Would you retype the line that contains "MI license plate DKL9615" and all lines following it to the end of the entries below, exactly and without pictures?
**** PROVIDED DATA ****
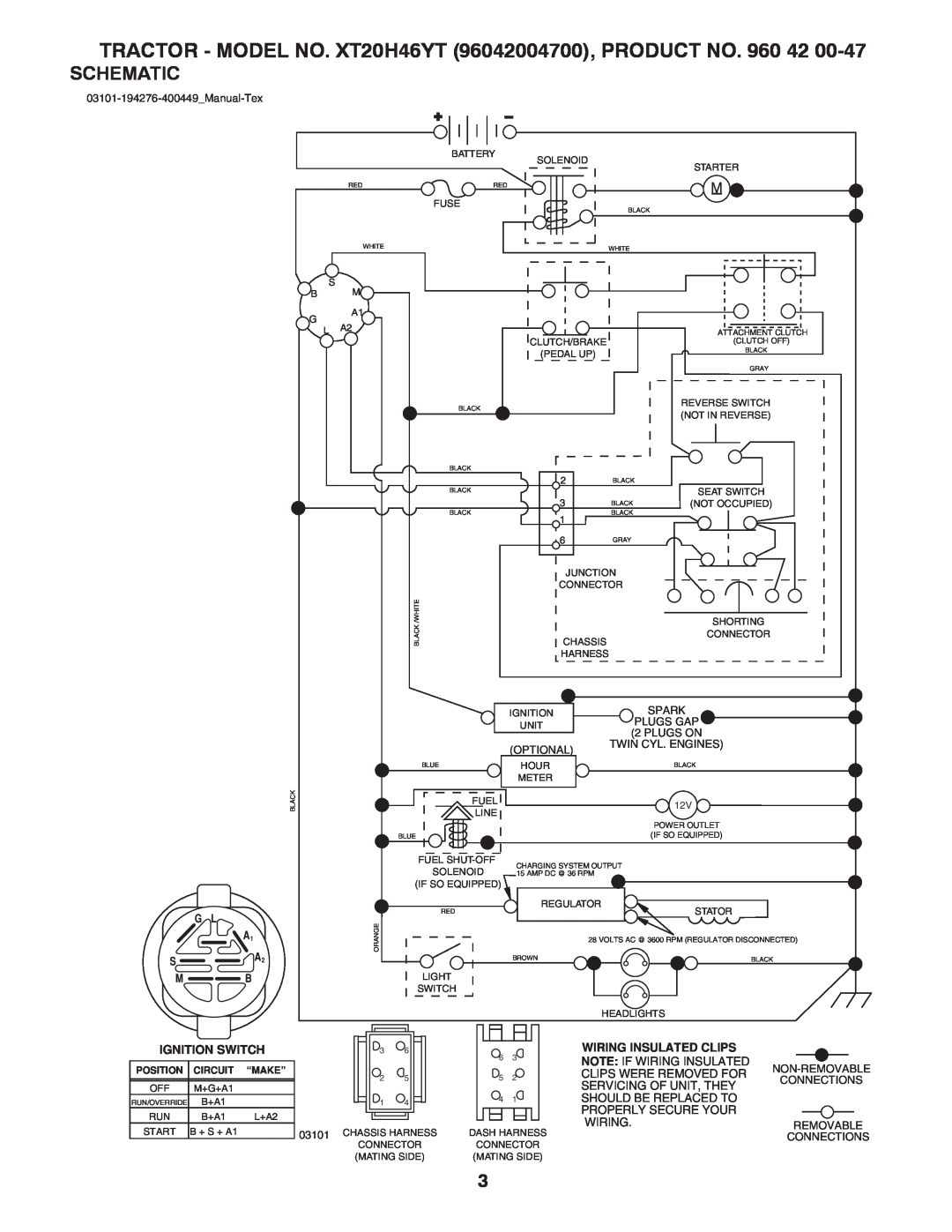 Poulan 412413 manual Schematic, TRACTOR - MODEL NO. XT20H46YT 96042004700, PRODUCT NO, Optional 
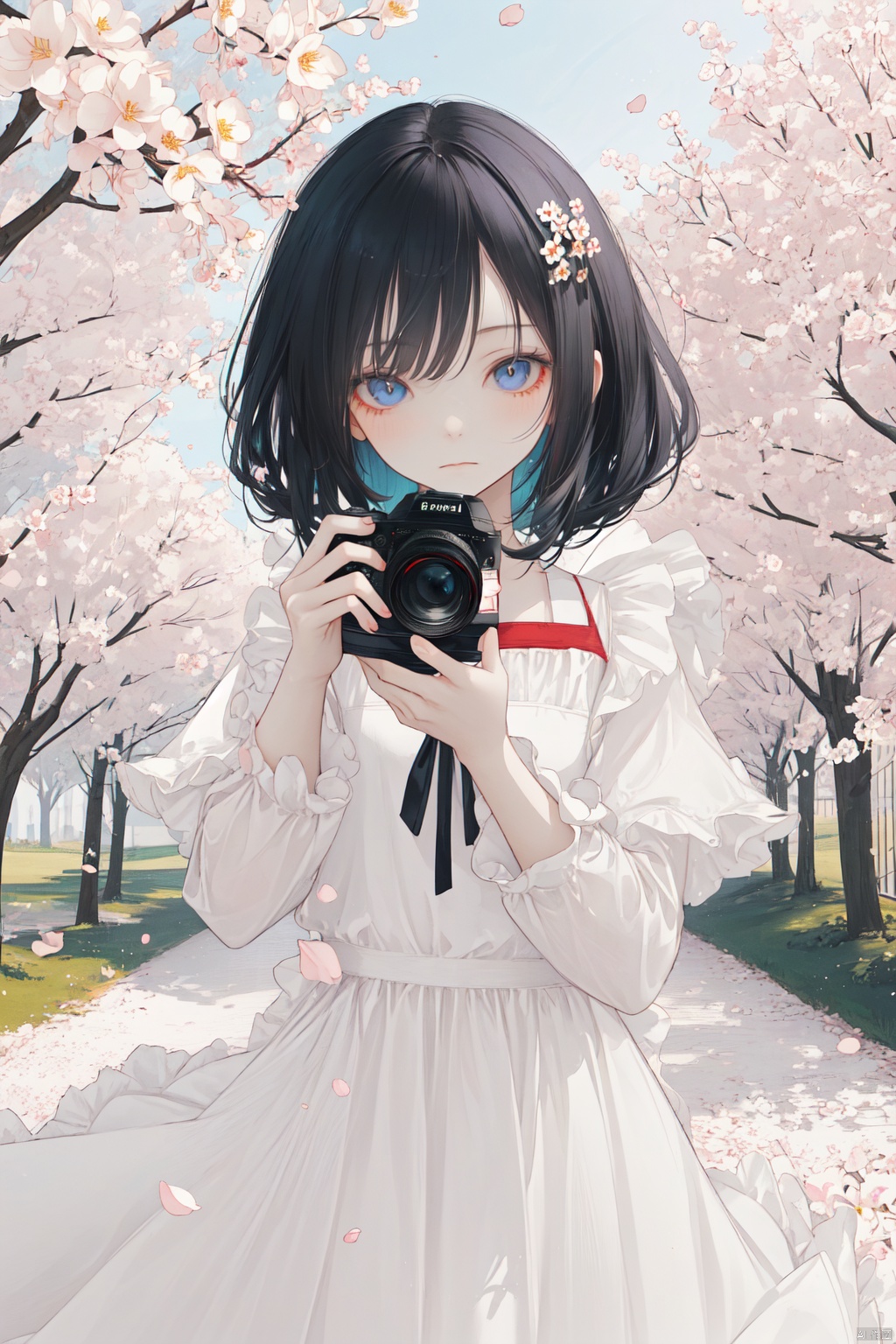 The image features a beautiful anime girl dressed in a flowing white and red dress, standing amidst a flurry of red cherry blossoms. The contrast between her white dress and the red flowers creates a striking visual effect. The lighting in the image is well-balanced, casting a warm glow on the girl and the surrounding flowers. The colors are vibrant and vivid, with the red cherry blossoms standing out against the white sky. The overall style of the image is dreamy and romantic, perfect for a piece of anime artwork. The quality of the image is excellent, with clear details and sharp focus. The girl's dress and the flowers are well-defined, and the background is evenly lit, without any harsh shadows or glare. From a technical standpoint, the image is well-composed, with the girl standing in the center of the frame, surrounded by the blossoms. The use of negative space in the background helps to draw the viewer's attention to the girl and the flowers. The cherry blossoms, often associated with transience and beauty, further reinforce this theme. The girl, lost in her thoughts, seems to be contemplating the fleeting nature of beauty and the passage of time. Overall, this is an impressive image that showcases the photographer's skill in capturing the essence of a scene, as well as their ability to create a compelling narrative through their art.catgirl,loli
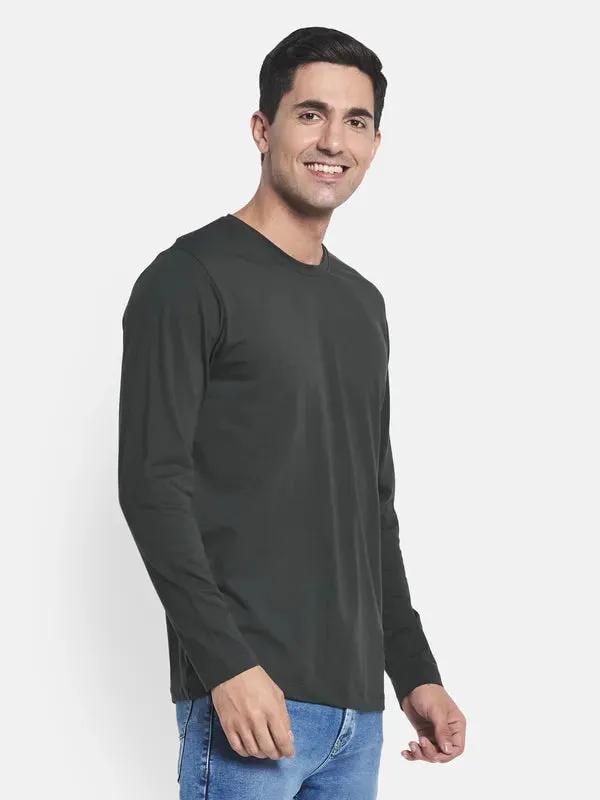 Men Olive Green Henley Neck T-Shirt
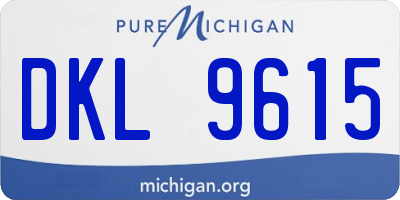 MI license plate DKL9615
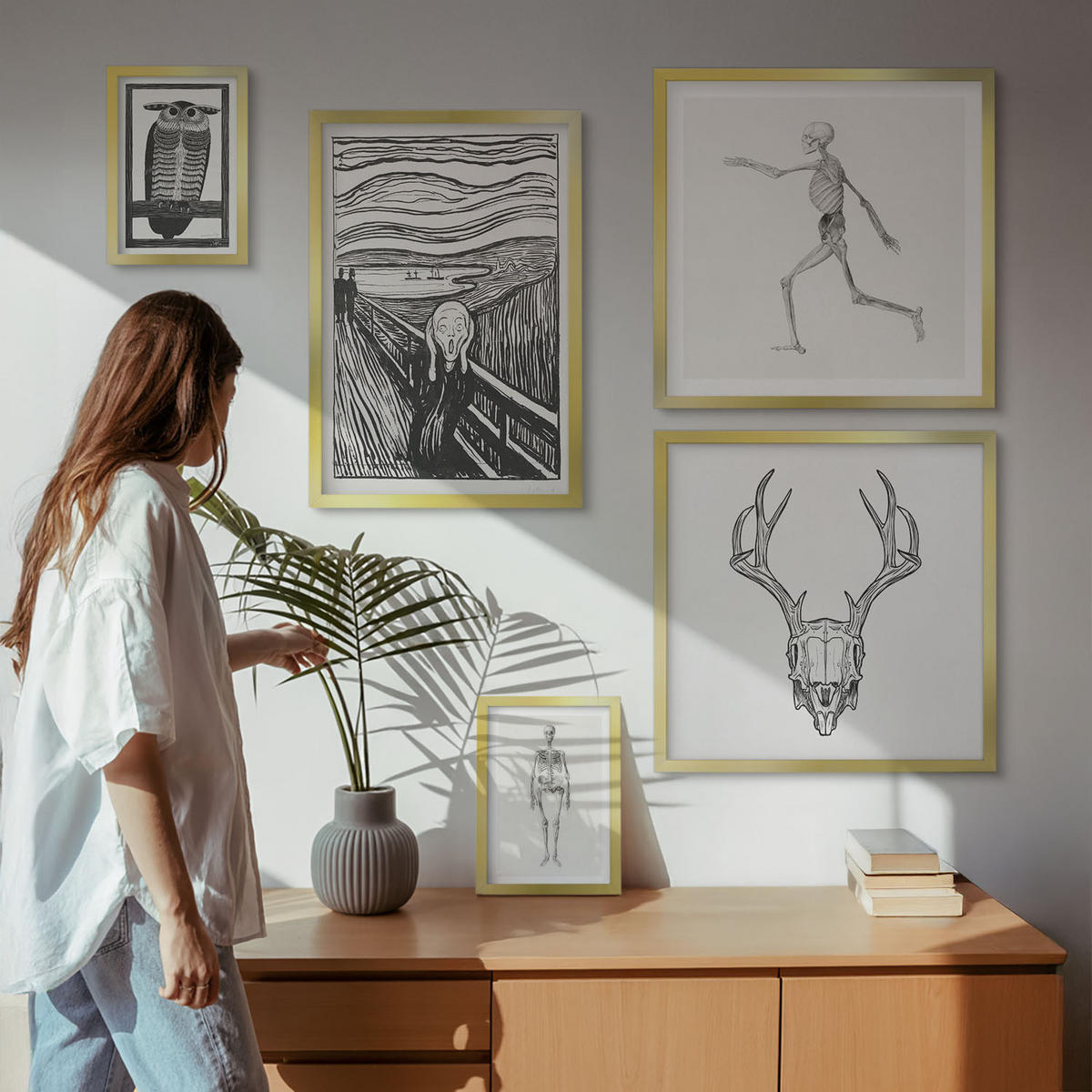 WANDBILDER 5er Set - 50x50 cm & 20x30 cm & 40x60 cm Goldrahmen - Küchenaccessoires auf pflanzlicher Basis - Goldfarben, Kunststoff (40/60cm) - ArtPrintCave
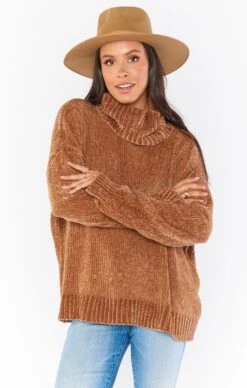 Show Me Your Mumu Fatima Turtleneck Sweater ~ Caramel Chenille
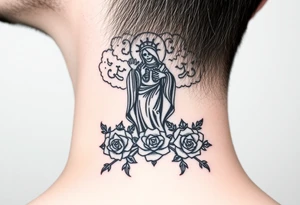 Santa muerte rising out of smoke surrounded by broken bones and roses tattoo idea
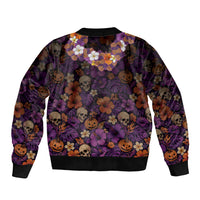 Hawaii Halloween Sleeve Zip Bomber Jacket Skeleton Bones Flower Lei Tropical Floral DT05 - Polynesian Pride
****
** RESPONSE BELOW **
 MI license plate DKL9615
 WANDBILDER 5er Set - 50x50 cm & 20x30 cm & 40x60 cm Goldrahmen - Küchenaccessoires auf pflanzlicher Basis - Goldfarben, Kunststoff (40/60cm) - ArtPrintCave
 Show Me Your Mumu Fatima Turtleneck Sweater ~ Caramel Chenille
 Santa muerte rising out of smoke surrounded by broken bones and roses tattoo idea
 Hawaii Halloween Sleeve Zip Bomber Jacket Skeleton Bones Flower Lei Tropical Floral DT05 - Polynesian Pride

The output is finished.